Patricia is not just any storm. Her appearance in August is very unusual. However, Patricia will not directly affect Spain. Although satellite images show an associated front that will bring some rain and gusts to the far north of the peninsula and could cause waves as high as 4 or 5 metres in the Cantabrian Sea, Patricia is far from Spanish territory.
The storm does, however, have an indirect effect. What makes her particularly special is her intensity. Patricia’s interaction with the high-pressure area over the Azores creates a channel of cold winds from the northwest, which will lead to remarkable temperature drops in the northern third of the Iberian Peninsula.
In certain regions of Spain, temperatures could drop to as low as 20ºC, which is 10 to 15 degrees lower than normal for this time of year. Many people will be happy with this after the period of heat.

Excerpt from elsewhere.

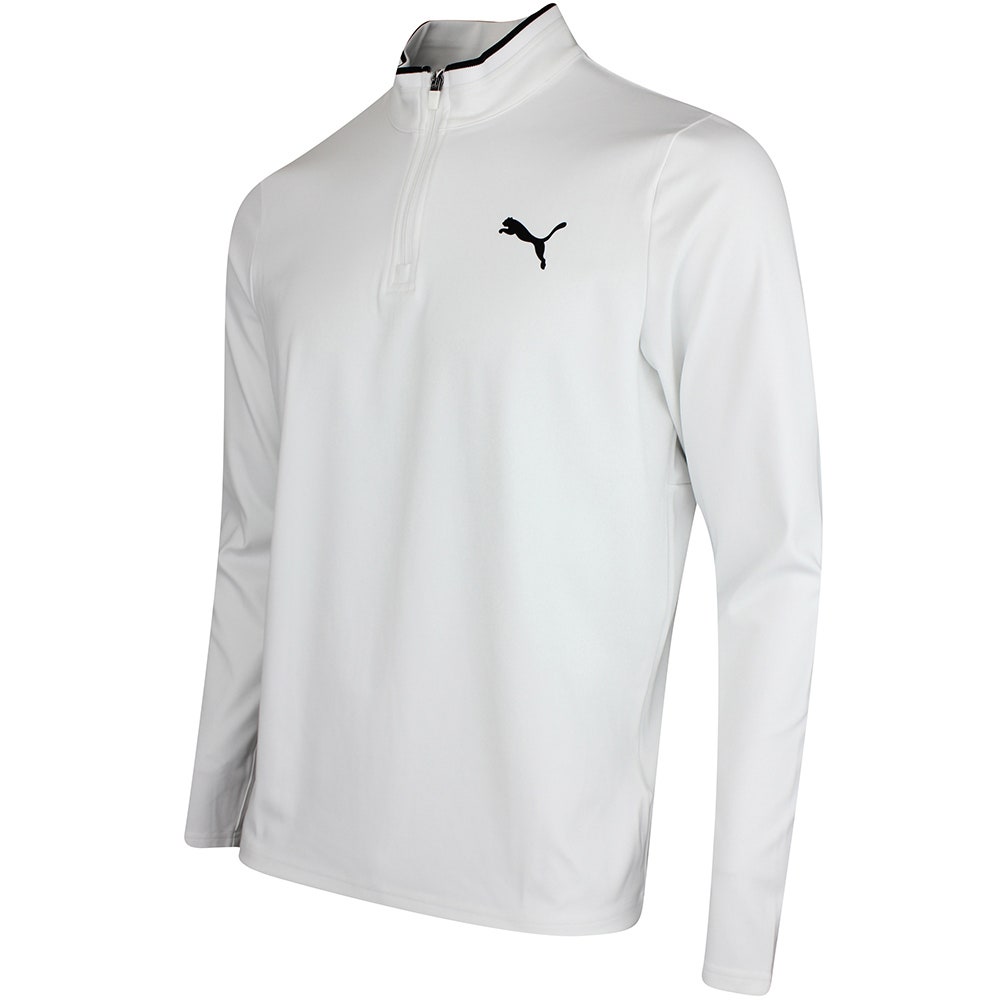 PUMA Golf Pullover - Cloudspun TOUR Logo Tech QZ - White Glow SS26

A brief respite from the heat
Spain will enjoy a short but welcome respite from the summer heat. However, this cooling-off period is expected to last only about three days. Temperatures will experience a notable drop in the north of the peninsula and also in parts of the Mediterranean due to the cold winds.
An extraordinary drop, by more than 10 degrees Celsius (ºC) compared to the previous day, could occur in the Basque Country, Navarra, La Rioja, Aragon and parts of eastern Catalonia. Here the mercury drops from about 33ºC to no more than 22ºC. Even Zaragoza, which expects to exceed 40ºC on Wednesday, will only reach 29ºC on Thursday.
No effect in Andalucia
In Andalucia, the impact of the depression will not be very noticeable, as the intense heat will continue to dominate the day in the southern third on Thursday, with cities such as Córdoba, Seville, Murcia or Málaga reaching temperatures of 38 to 40ºC. However, once Patricia has passed, temperatures could rise again, possibly even higher than before her arrival.
Patricia’s intensity and the time of her appearance in August make her special. Moreover, this could be a sign that climate patterns are changing as global temperatures continue to rise.
Why does the storm have a name?
Naming storms and other major weather events helps to communicate clearly and effectively about extreme weather events. This makes it easier for the public to take the necessary precautions.
In Europe, storm naming is done through a collaboration of several national weather services. Aemet, along with the Portuguese Institute of Sea and Atmosphere (IPMA), began collectively naming storms affecting the Iberian Peninsula in 2017.
A storm is named when it is predicted to reach a certain intensity that can have a significant impact. Patricia is the first August storm ever to be named. And, furthermore, the 2022-2023 season already holds the record for most named storms with a total of 16.